Doug Bush, the assistant secretary of the U.S. Army for acquisition, logistics and technology, recently finished reading “Battlegroup!: The Lessons of the Unfought Battles of the Cold War.” He told Defense News that the book, written by Jim Storr, is told through the lens of a British officer and discusses how unfought battles of the Cold War might have gone, given what American and British technologies existed at the time.

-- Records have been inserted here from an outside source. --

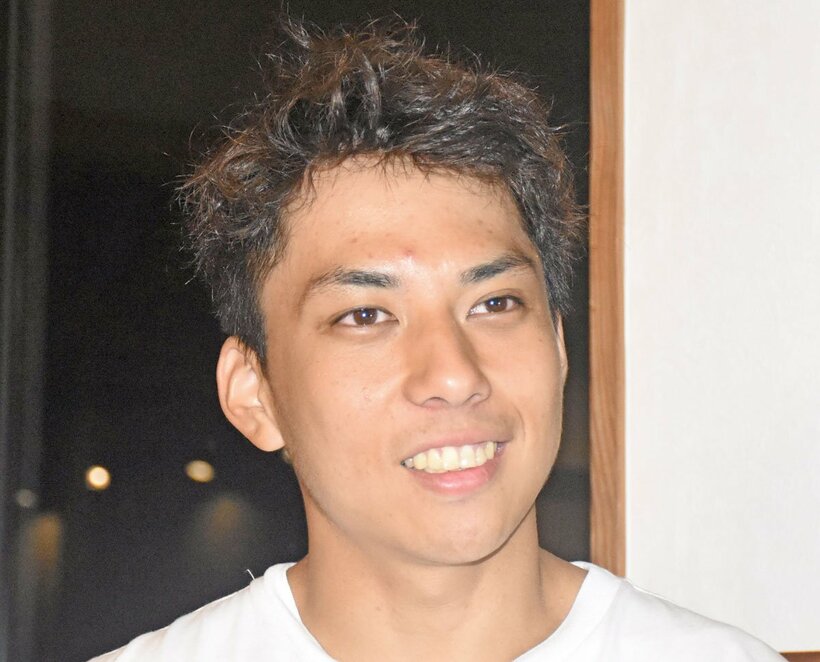 取材に答えた平野流佳
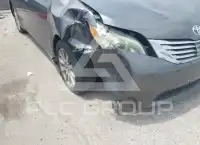 2014 Toyota SIENNA фото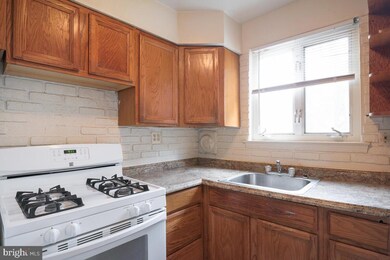 1605 Addison Rd S, District Heights, MD 20747 - photo 6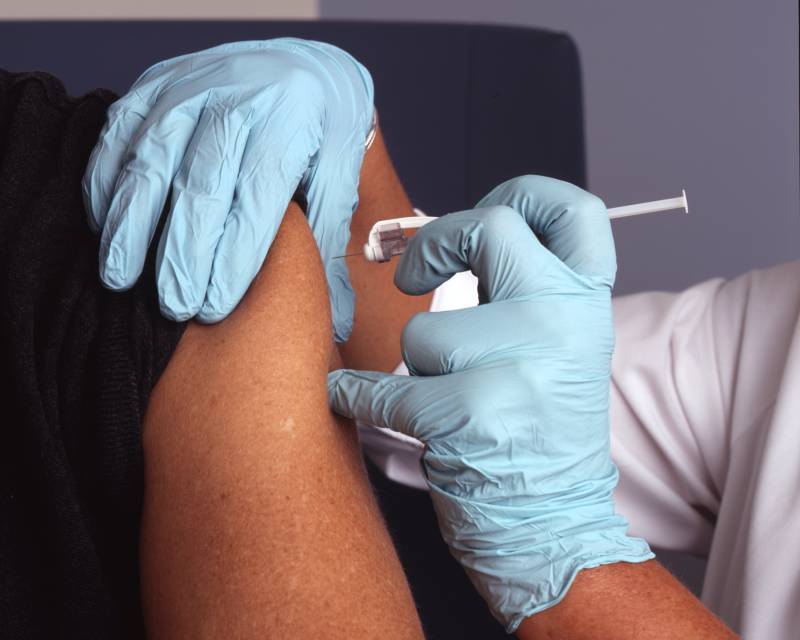 Main image for Frontline workers must be fully vaccinated - government says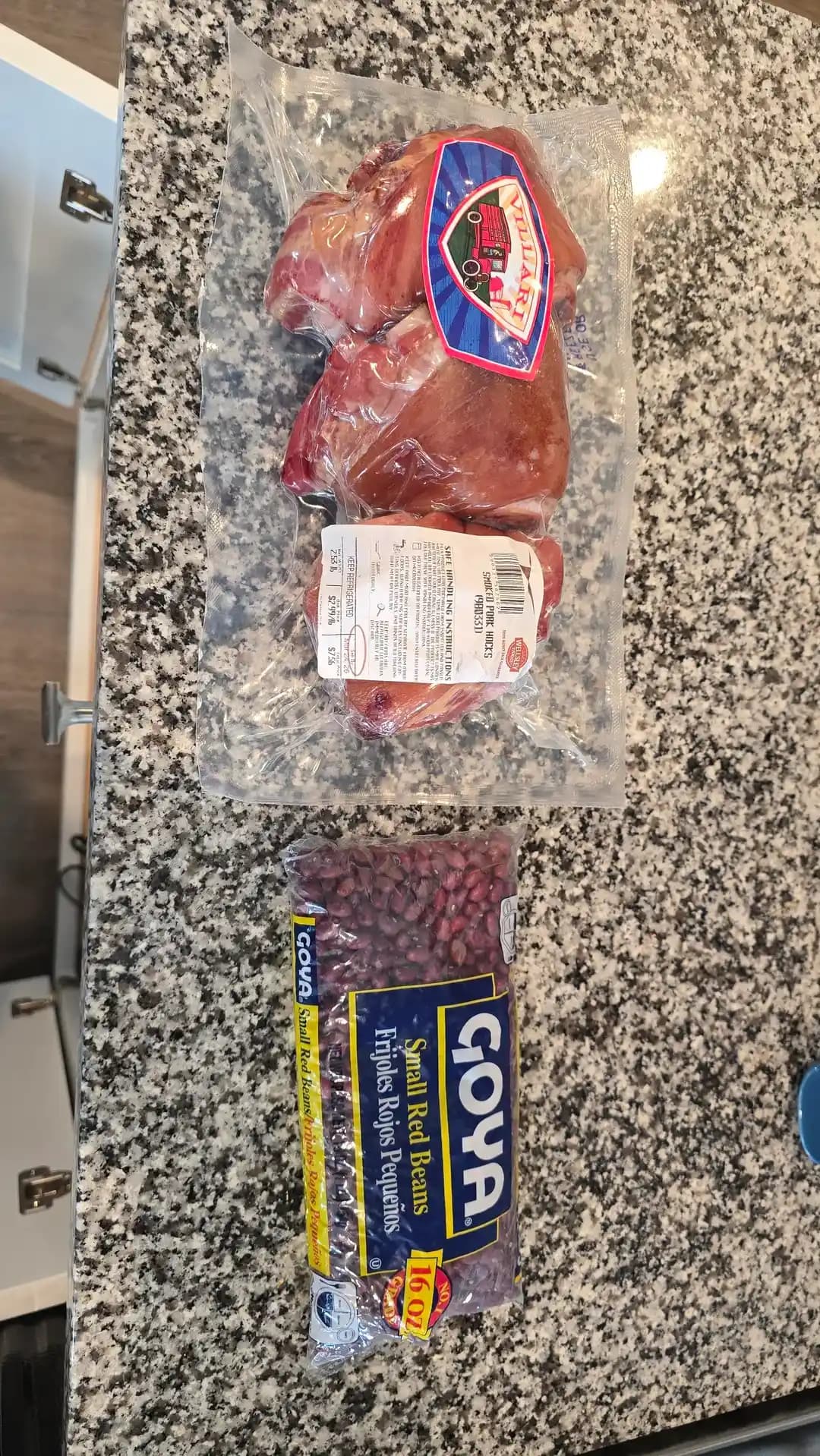 Ekonomik Kırmızı Fasulye ve Pilav Tarifi: Ham Hock ile Besleyici ve Uygun Fiyatlı Öğün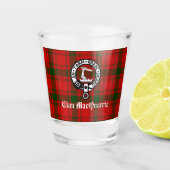 Clan MacQuarrie Tartan und Wappen Schnapsglas (Vorderseite)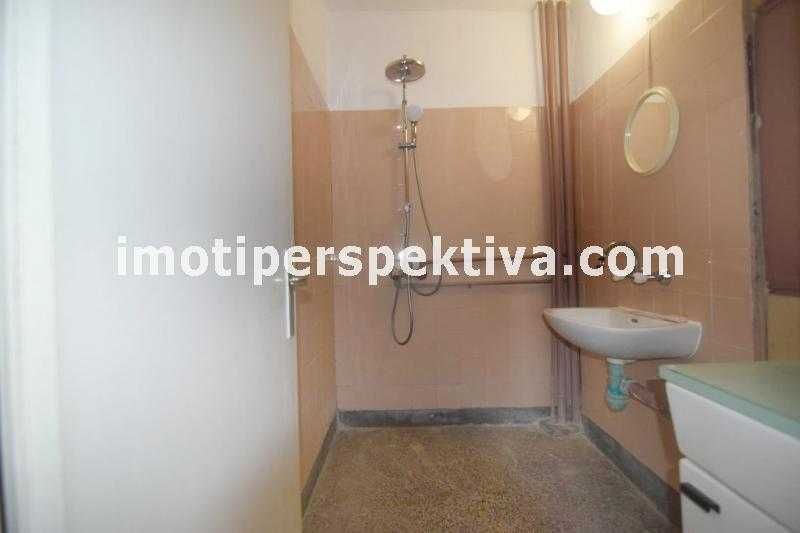 Продава се Тристаен апартамент в Пловдив, Тракия - 90 кв.м за 1867 €/кв.м - Снимка #10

During an October flight to the headquarters of Army Futures Command, Bush was reading “Ways and Means: Lincoln and His Cabinet and the Financing of the Civil War.” The author, Roger Lowenstein, writes about President Abraham Lincoln’s financial revolution amid the Civil War.
Gen. Edward Daly, the head of U.S. Army Materiel Command, told Defense News he is reading “Talent Is Overrated: What Really Separates World-Class Performers from Everybody Else.” The book, by Geoff Colvin, shows what makes world-class performers so remarkable.
Gen. Charles Flynn, the head of U.S. Army Pacific, is reading the papers of the late Brig. Gen. Robert Charlwood Richardson III, which relate to the American Expeditionary Forces in World War I and military operations in the Pacific during World War II.